Friday, Dec. 01, 1961

Triple Play

In Santo Domingo (known for 25 years as Ciudad Trujillo), a crowd of youths clutched the corners of a Dominican flag and raced through the streets, shouting "Liberty by Christmas!" They did not have that long to wait. For the crowds that gathered excitedly on waterfront George Washington Avenue to watch the U.S. missile cruiser Little Rock and a destroyer escort patrolling just beyond the three-mile limit, liberty had already arrived. The Trujillo regime came tumbling down in the Dominican Republic last week, and a chartered DC-6 bore off to Fort Lauderdale, Fla., 29 members of the Trujillo family. Would he ever return to the Dominican Republic? Generalissimo Hector Trujillo was asked. He answered nonchalantly, sure: "After all, it's our country."

Desperate Bid. For 31 years, up to last week, Hector was literally right. In the name of Dictator Rafael Leonidas Trujillo, the Trujillo clan ruled the island as their own and enriched themselves. After the old dictator was assassinated last May as he rode to a rendezvous with his mistress, the fiefdom fell into the uncertain hands of his son and heir, Rafael ("Ramfis") Trujillo Jr., 32, who with U.S. approval was doing his best to arrange a peaceful transition. Last week, returning from exile, Uncle Hector and his brother Jose Arismendi, made a last desperate bid to reessert the bloody dictatorship. It took a triple play to defeat it--by Dominican President Joaquin Balaguer, helped by a 37-year-old Dominican air force general named Pedro Ramon Rodriguez Echaverria, and by the U.S. Navy, which coolly provided just the touch of old-fashioned "gunboat diplomacy" to enable the Dominicans themselves to end the Trujillo era.

In backing Ramfis, in the hope that he could bloodlessly "democratize" Trujillo-land, the U.S. made it a condition that Uncles Hector and Arismendi stay away. They did for a while, then began to complain that young Ramfis was frittering away their fief, and blustered home to stop him. At that point, Ramfis gave up. After all, he had a reported $500 million stashed away in solid currencies in overseas banks. So he resigned as armed forces chief of staff and embarked with a consoling German blonde on the family yacht Angelita, bound first for the nearby island of Guadeloupe, then for the bright lights of Paris. That left a vacuum, which the uncles sought to fill. They tried to line up diehard Trujillo generals for a coup, and according to opposition reports were prepared to murder upwards of 1,000 enemies in one night.

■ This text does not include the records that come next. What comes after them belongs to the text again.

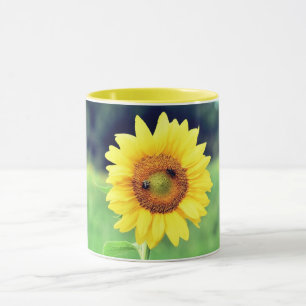 Lycklig Solrosceramik Mugg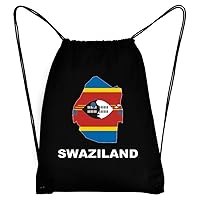 Swaziland Country Map Color Sport Bag 18
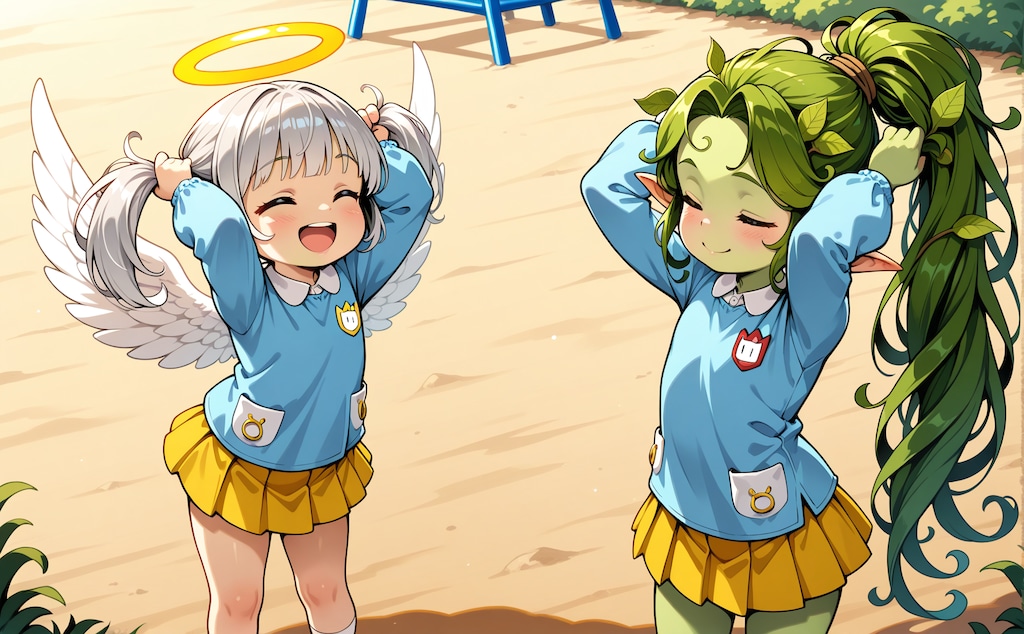 つのー、しっぽー！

Pilots' Defection. But the anti-Trujillo opposition was also mobilizing for trouble. Orders from Washington approved by President Kennedy sent the Little Rock, the aircraft carriers Valley Forge and Franklin D. Roosevelt and coveys of support vessels toward the Dominican coast. Aboard the Valley Forge were 1,800 marines, with helicopters to land them on Dominican soil. At the airbase near the inland Dominican city of Santiago de los Caballeros, Commanding General Rodriguez ordered the arrest of every Trujillo agent in the city whom the uncles were apt to count on for their bloodbath. His younger brother, Air Force Deputy Chief of Staff Pedro Santiago Rodriguez Echaverria, persuaded 20 pilots at San Isidro, the main airbase in Ciudad Trujillo, to fly to Santiago.

The two uncles descended on President Balaguer at the presidential palace to remind him that he had once been a complacent Trujillo stooge and had better be again. By now, twelve U.S. warships boldly stood to in clear sight of the capital. Balaguer was not alone. General Rodriguez rounded up the support of several armed forces commanders by telephone, sent his planes to strafe four reluctant garrisons in the interior.

As they presented their demands to Balaguer, the Trujillo brothers found themselves surrounded by pro-Balaguer Cabinet officers and army men. U.S. Consul John Calvin Hill Jr. strolled in, joining Balaguer and the brothers. As if helpless in such a situation, Balaguer shrugged his shoulders, told the Trujillos that "if you don't leave, they'll invade us." Consul Hill joined in: "That's absolutely the best thing." Arismendi conferred alone with Balaguer another 20 minutes, then picked up the phone, dialed his wife and told her to "pack and get ready to go."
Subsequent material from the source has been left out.